Exercise objective: Please return only the lines from the one with "What we have" through the final line of the data, unchanged, with pictures omitted.

Recorded data:

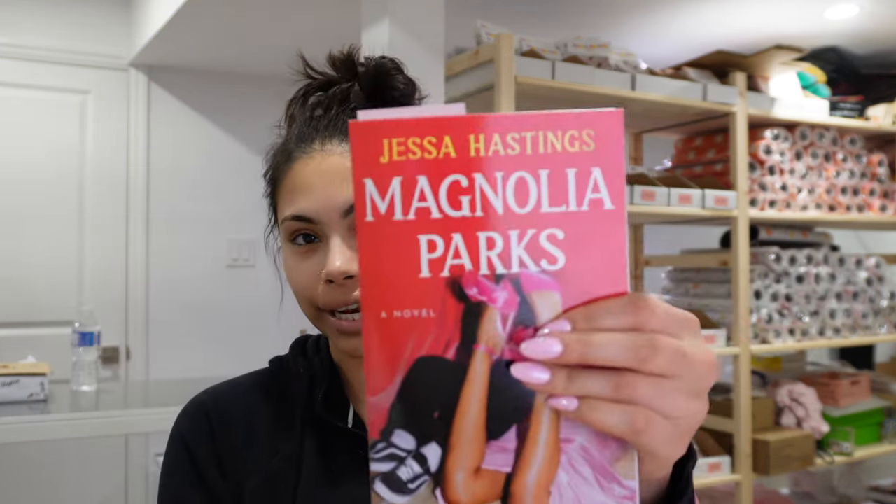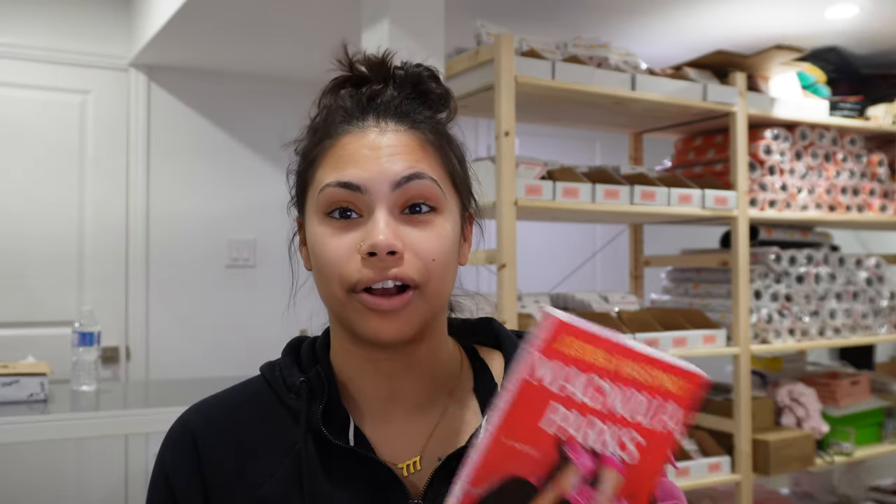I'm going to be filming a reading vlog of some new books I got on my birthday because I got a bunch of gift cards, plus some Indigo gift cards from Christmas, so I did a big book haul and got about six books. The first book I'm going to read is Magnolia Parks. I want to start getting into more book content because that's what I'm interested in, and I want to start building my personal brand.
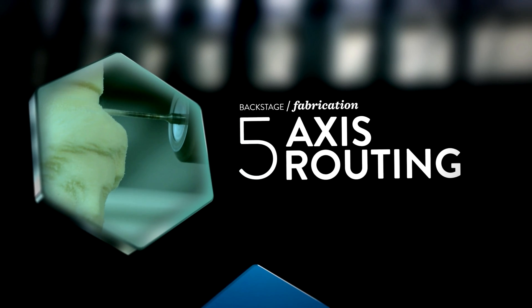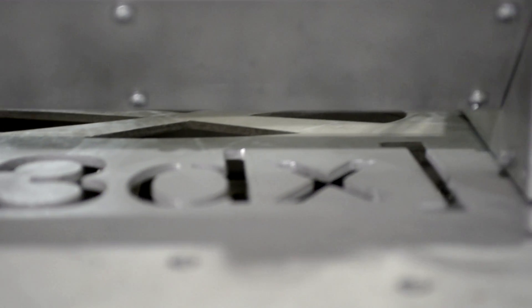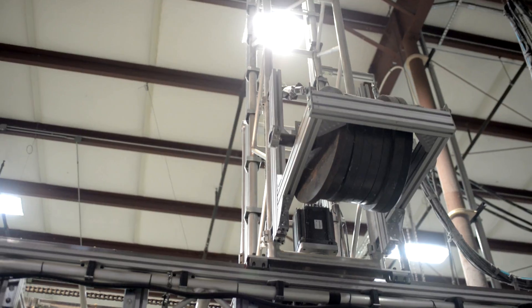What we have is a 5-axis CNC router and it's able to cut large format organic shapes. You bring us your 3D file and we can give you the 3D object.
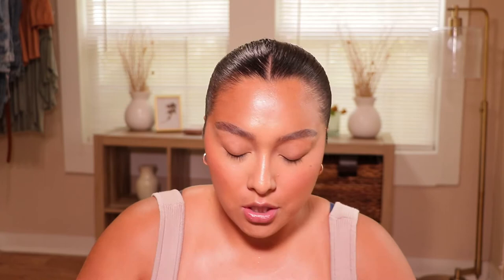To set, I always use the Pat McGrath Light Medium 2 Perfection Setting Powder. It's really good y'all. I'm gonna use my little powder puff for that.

Solution:
What we have is a 5-axis CNC router and it's able to cut large format organic shapes. You bring us your 3D file and we can give you the 3D object.
To set, I always use the Pat McGrath Light Medium 2 Perfection Setting Powder. It's really good y'all. I'm gonna use my little powder puff for that.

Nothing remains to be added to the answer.